The data:
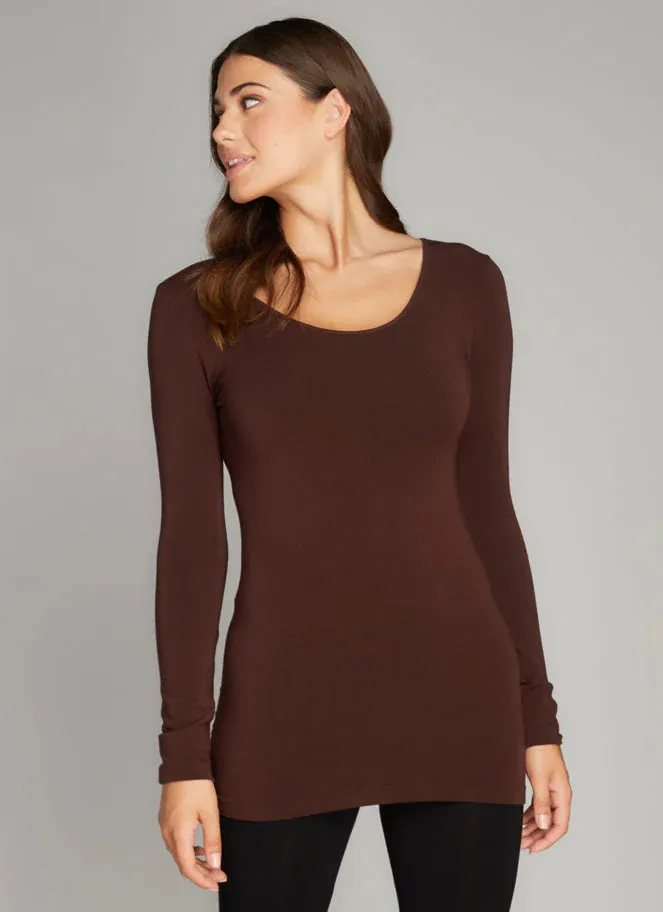 BAMBOO L/S SCOOP NECK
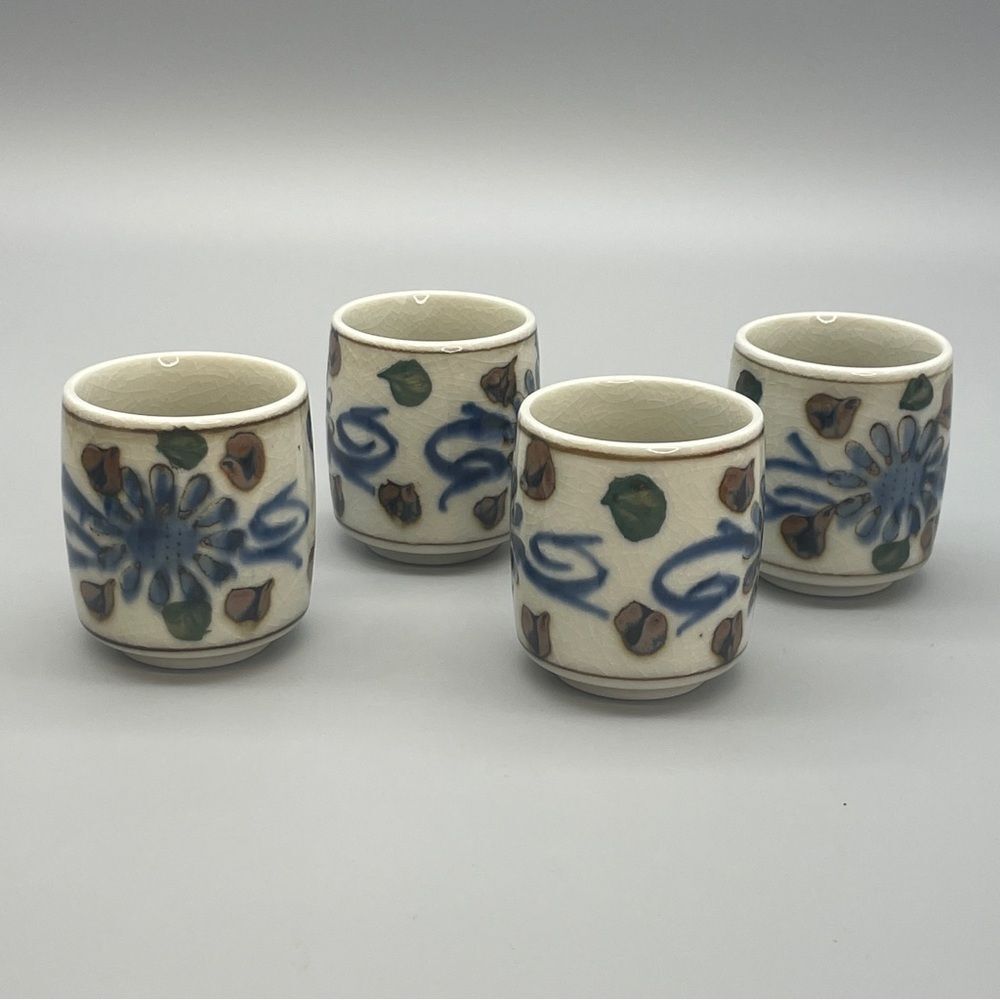 Vintage OTC Otagiri Stoneware Sake Cups Tea Cups Made in Japan - Picture 3 of 9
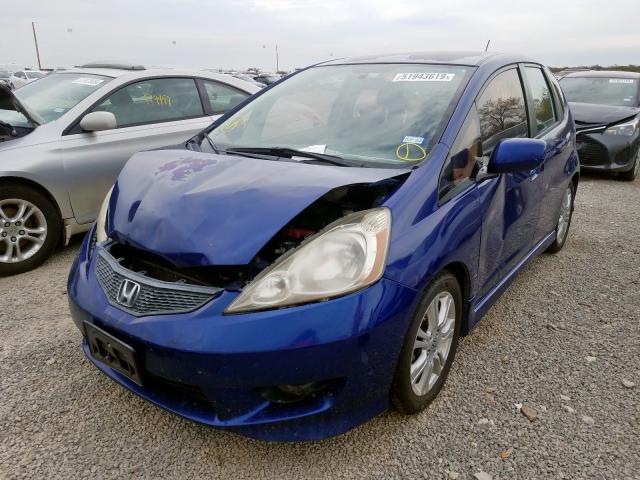 JHMGE88409S044599 - 2009 HONDA FIT SPORT BLUE photo 2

Problem details: Repeat the data exactly. No pictures should appear.

Expected answer:
 BAMBOO L/S SCOOP NECK
 Vintage OTC Otagiri Stoneware Sake Cups Tea Cups Made in Japan - Picture 3 of 9
 JHMGE88409S044599 - 2009 HONDA FIT SPORT BLUE photo 2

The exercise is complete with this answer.